"Une partie fondamentale de notre vie est enfermée dans le mobile"

Sílvia Díez

Les technologies sont devenues essentielles et plus en ces jours de confinement. Chaque jour, ils occupent plus d'espace et de temps dans nos vies, mais sommes-nous conscients de la manière dont ils ont modifié notre façon de nous rapporter aux autres et à la réalité en général. Le psychanalyste Gustavo Dessal nous aide à y réfléchir.

Les technologies sont devenues essentielles et plus en ces jours de confinement. Chaque jour, ils occupent plus d'espace et de temps de notre vie. Mais sommes-nous conscients de la manière dont ils ont modifié notre manière de nous rapporter aux autres et à la réalité en général? Gustavo Dessal, psychanalyste et auteur d'Inconscient 3.0. Ce que nous faisons avec les technologies et ce que les technologies font avec nous (Xoroi Ediciones) nous aide à y réfléchir.

Plus que jamais en ces temps d'enfermement, la grande pertinence des nouvelles technologies et la façon dont elles révolutionnent notre vie quotidienne a été démontrée . Les réseaux sociaux, les appels vidéo, les vidéoconférences, les applications en tout genre, les achats en ligne … sont devenus notre fenêtre sur le monde, facilitant le contact avec les autres, le télétravail et même nos soins physiques et mentaux à travers de sessions en ligne avec des coachs, médecins et psychiatres.

Depuis leur apparition, ils modifient nos coutumes, nos façons d'agir, de penser, de travailler, de se relier, d'apprendre et de se divertir. Gustavo Dessal, psychanalyste et auteur d'ouvrages tels que Le Retour du pendule (Ed. FCE) - écrit avec le prestigieux sociologue Zygmunt Bauman - ou Jacques Lacan. La psychanalyse et sa contribution à la culture contemporaine (Ed. FCE), nous invite à prendre conscience de la façon dont le téléphone portable, la première chose que l'on voit au lever et la dernière chose qui nous accompagne avant de s'endormir, arrive à nous conditionner.

«La technologie n'est ni bonne ni mauvaise, tout dépend de la manière dont elle est utilisée.
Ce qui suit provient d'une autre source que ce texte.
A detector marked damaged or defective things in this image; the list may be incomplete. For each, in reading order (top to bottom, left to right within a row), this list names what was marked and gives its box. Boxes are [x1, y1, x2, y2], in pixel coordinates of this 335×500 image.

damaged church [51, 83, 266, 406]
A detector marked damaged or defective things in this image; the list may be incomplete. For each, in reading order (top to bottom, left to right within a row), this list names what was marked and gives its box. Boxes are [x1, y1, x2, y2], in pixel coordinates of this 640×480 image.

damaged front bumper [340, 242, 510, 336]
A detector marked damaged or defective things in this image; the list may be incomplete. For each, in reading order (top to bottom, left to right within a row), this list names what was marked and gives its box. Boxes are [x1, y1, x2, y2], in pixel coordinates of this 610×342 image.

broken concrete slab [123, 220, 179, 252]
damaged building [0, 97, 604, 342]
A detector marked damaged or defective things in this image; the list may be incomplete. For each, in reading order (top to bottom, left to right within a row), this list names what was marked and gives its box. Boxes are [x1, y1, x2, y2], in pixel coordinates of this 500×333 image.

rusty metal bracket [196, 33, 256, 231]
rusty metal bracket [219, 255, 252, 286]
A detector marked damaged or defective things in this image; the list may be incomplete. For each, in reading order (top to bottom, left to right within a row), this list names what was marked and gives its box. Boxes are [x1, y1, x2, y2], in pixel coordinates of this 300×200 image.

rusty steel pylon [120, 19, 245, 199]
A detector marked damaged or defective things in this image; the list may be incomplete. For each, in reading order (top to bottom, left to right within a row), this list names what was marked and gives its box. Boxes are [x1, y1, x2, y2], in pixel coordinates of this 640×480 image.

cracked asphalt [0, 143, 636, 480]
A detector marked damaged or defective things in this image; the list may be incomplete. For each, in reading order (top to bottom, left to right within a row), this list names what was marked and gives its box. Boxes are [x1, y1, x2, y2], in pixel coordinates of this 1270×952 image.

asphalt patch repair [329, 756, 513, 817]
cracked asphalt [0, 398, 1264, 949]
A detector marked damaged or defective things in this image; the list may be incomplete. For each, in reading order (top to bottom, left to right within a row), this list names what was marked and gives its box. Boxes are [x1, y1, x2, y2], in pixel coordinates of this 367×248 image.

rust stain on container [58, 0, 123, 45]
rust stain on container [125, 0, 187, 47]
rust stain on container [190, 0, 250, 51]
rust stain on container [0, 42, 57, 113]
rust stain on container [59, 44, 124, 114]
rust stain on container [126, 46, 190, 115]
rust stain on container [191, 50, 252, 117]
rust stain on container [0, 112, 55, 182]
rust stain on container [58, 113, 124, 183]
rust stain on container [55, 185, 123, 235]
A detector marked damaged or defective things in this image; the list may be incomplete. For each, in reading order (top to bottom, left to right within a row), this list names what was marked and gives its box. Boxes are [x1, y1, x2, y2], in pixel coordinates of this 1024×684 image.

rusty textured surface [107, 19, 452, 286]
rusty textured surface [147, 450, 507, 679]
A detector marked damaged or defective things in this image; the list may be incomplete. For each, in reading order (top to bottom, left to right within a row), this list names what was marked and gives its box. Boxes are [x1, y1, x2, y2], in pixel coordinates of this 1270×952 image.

Il a été utilisé pour le pire pour manipuler les campagnes des politiciens et il nous aide dans ce confinement. Mais cela a dilué notre subjectivité dans une mer de données et je nous invite à analyser l'usage que chacun en fait, quels besoins ils couvrent et comment cela modifie la communication avec les autres », explique Gustavo Dessal.

-Quelles réflexions ont surgi sur l'utilisation intensive des technologies qui a été faite en ces jours de confinement?
-Ce que nous vivons ces jours de confinement, c'est un laboratoire pour apprendre mieux que jamais les avantages ou les inconvénients des technologies et je fais référence aux technologies de la communication et à l'ingénierie des données. Compte tenu de l'isolement social que nous sommes obligés de maintenir, les technologies offrent la possibilité de communiquer, d'envoyer des messages audio, de tenir des vidéoconférences, des chats, de se filmer et d'envoyer les vidéos à des proches et connaissances.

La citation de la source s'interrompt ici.